Model specificationPanel benchmark regression model

$$GTU{M}_{it}={\alpha }_{0}+{\alpha }_{1}DE{C}_{it}+{\alpha }_{2}{X}_{it}+{u}_{i}+{\delta }_{t}+{\varepsilon }_{it},$$

(1)

In Eq. (1), DECit and GTUMit represent DEC and GTUM levels in province i and time t, respectively. Xit represents a series of control variables. μi denotes province-fixed effects, δt represents time-fixed effects, and εit denotes the random error term.

Furthermore, to explore the mechanisms through which DEC influences GTUM, this study introduces a series of mechanism variables and constructs the following model:

$${M}_{it}={\beta }_{0}+{\beta }_{1}DE{C}_{it}+{\beta }_{2}{X}_{it}+{u}_{i}+{\delta }_{t}+{\varepsilon }_{it},$$

(2)

Equation (2) represents the DEC regression equation for the mediating variables (Mit), where other variables are the same as in Eq. (1).

Random forest model

Building on Hypothesis 3, this study employs a machine learning-random forest model to analyze the real non-linear effects of DEC on GTUM. This approach is justified for two major reasons.
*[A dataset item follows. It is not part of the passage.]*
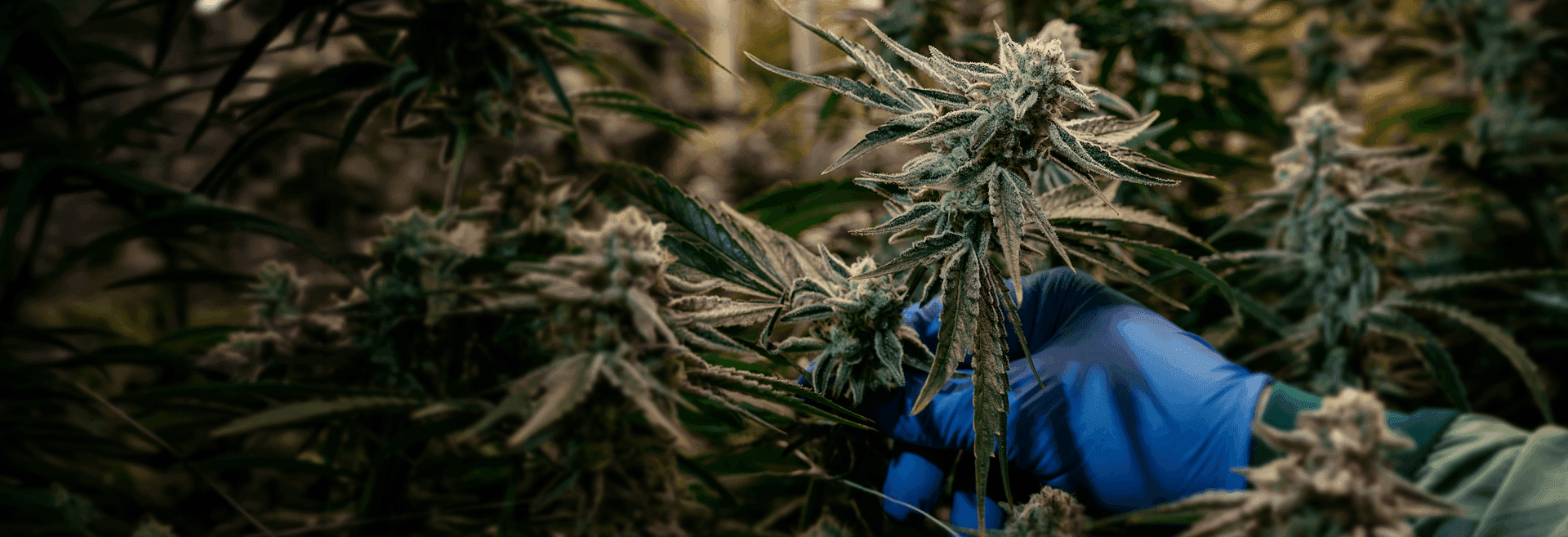 Demecan Live Rosin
First, the development of DEC aligns with Metcalfe’s Law and is likely to exhibit non-linear characteristics. Second, traditional statistical models have limitations in accuracy. To achieve higher precision, machine learning models, including black box models, are utilized to investigate the real non-linear impacts of DEC on GTUM, ensuring that the overall model results possess high accuracy and generalizability. The following model is constructed:

$$GTU{M}_{it}=f(DE{C}_{it},{X}_{it},{u}_{i},{\delta }_{t},{\varepsilon }_{it}),$$

(3)

where f (⋅) represents the non-linear model constructed using the random forest method; other variables are the same as in Eq. (1).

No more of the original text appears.